BRASILIA – Environmentalist Marina Silva appeared on Friday to be the Brazilian Socialist Party’s most likely choice to fill the void left by the death of presidential nominee Eduardo Campos in a plane crash earlier this week.
Despite its name, the party – known by the Portuguese initials PSB – is centrist and Campos was a business-friendly state governor was deep roots in the Brazilian elite.
Silva, an Afro-Brazilian who finished third in the 2010 presidential election as the candidate of the Green Party, is left of center and her decision to accept a position as Campos’ running mate surprised many.

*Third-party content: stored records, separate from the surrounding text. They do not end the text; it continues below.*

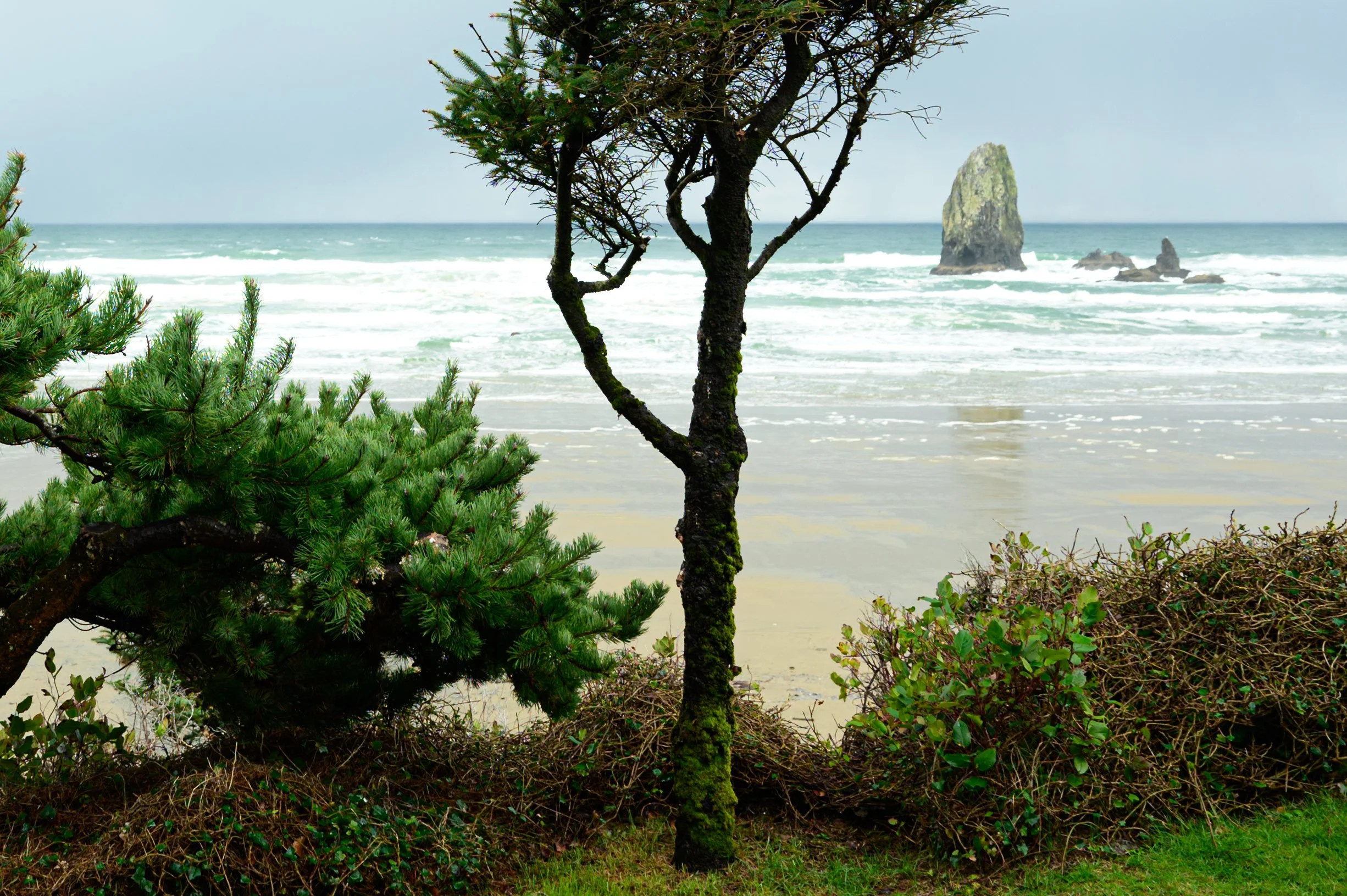 Oregon Coast Trees and Rock Formations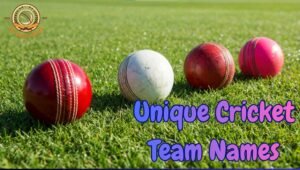 Unique Cricket Team Names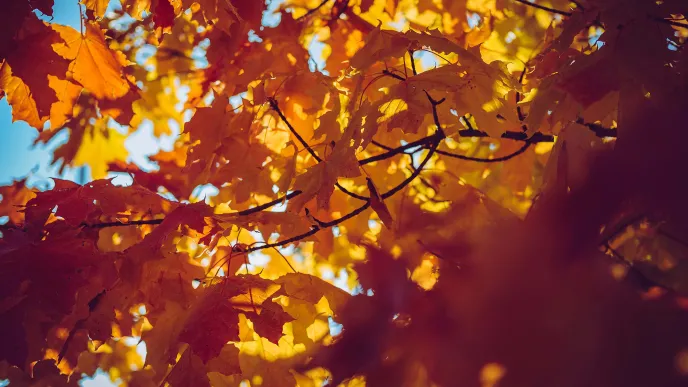 Autumn image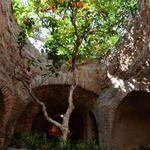 Forestiere Underground Gardens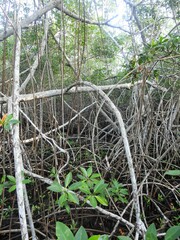 Rhizophora mangle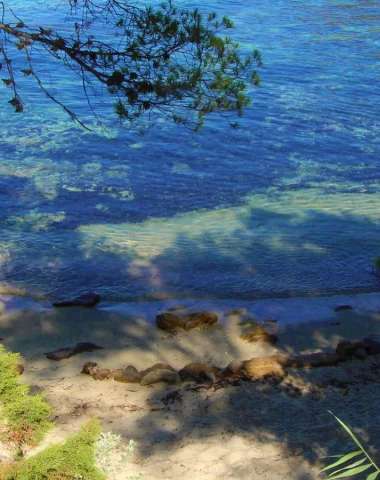 Le Rossignol — Le Lavandou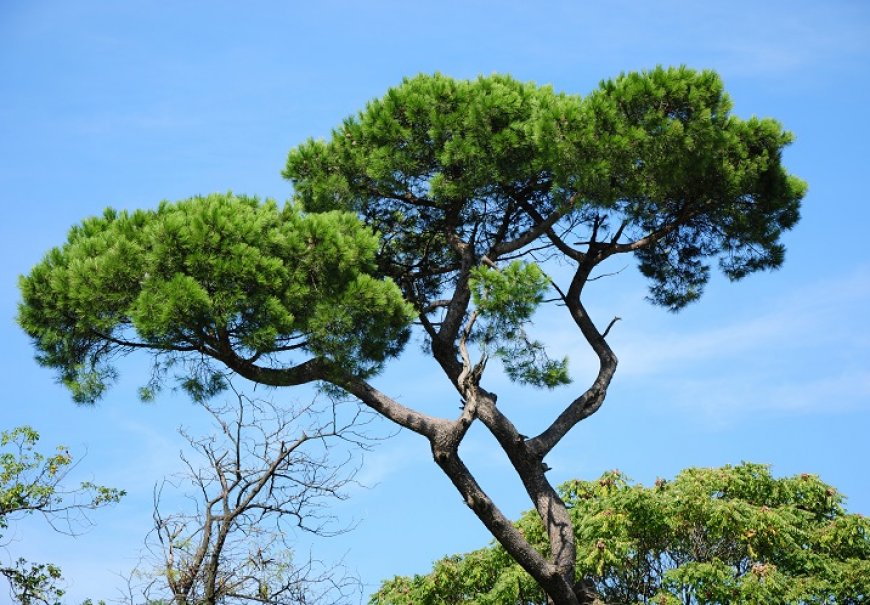 Domaći bor - Pinus pinea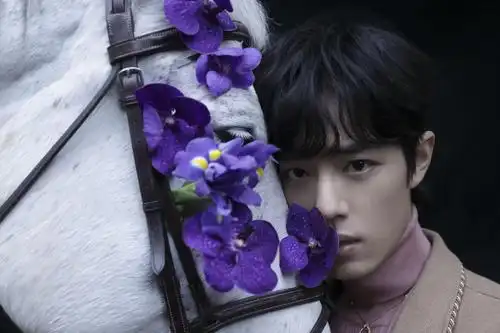 肖战又拍芭莎照啦!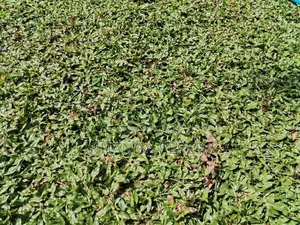 Malaysian Grass Carpet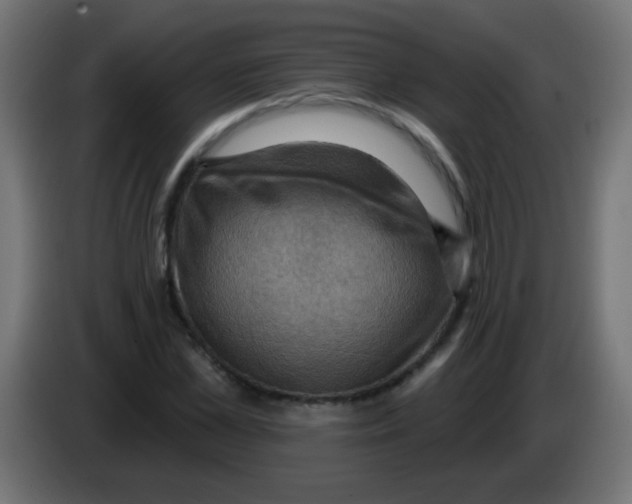 X0000083040973200703022045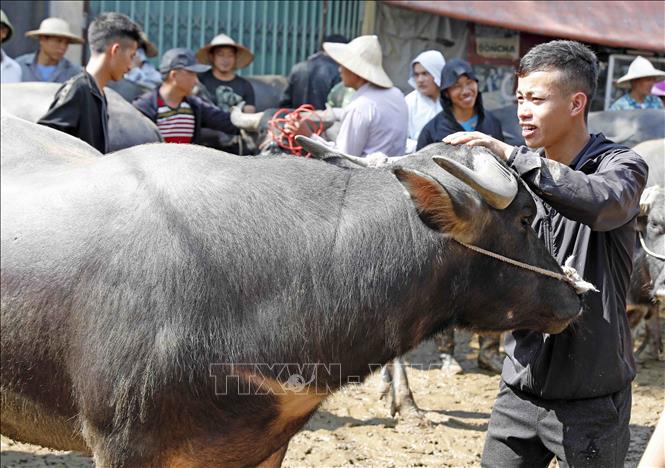 Chăm sóc trâu trước khi bán. Ảnh: Trần Việt - TTXVN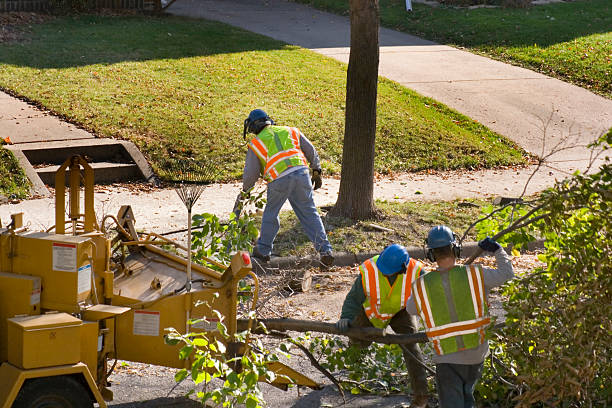 Reliable Herington, KS Tree Removal Solutions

The PSB leadership will meet in Brasilia next week to decide who should replace Campos on the ballot for the Oct. 5 contest, lawmaker Luiz Gonzaga Patriota said.
“All the Socialists will support Marina,” he said.
The tragic death of Campos, 49, prompted incumbent President Dilma Rousseff and main challenger Aecio Neves to temporarily suspend their campaigns.
The latest polls taken before the deadly plane crash showed Campos with support from 10 percent of likely voters, trailing Rousseff, at 38 percent, and Neves, with 23 percent.
Silva, who took 20 percent of the vote in 2010, only joined the PSB last September, after missing the deadline to create a new party of her own as a vehicle for another presidential bid.
Antonio Campos, brother of Eduardo and a member of the PSB national leadership, said Friday that Silva is “now the only figure who can promote a political change” in Brazil.
But Silva has given no indication of her intentions, remaining in seclusion since an emotional press conference on Wednesday in the wake of Eduardo Campos’ death.
The 56-year-old Silva, who grew up poor in Amazonia, is a former rubber tapper and comrade of murdered environmental crusader Chico Mendes.
She twice won election to Brazil’s Senate and served from 2003-2008 as environment minister in the administration of President Luiz Inacio Lula da Silva, Rousseff’s predecessor and political mentor.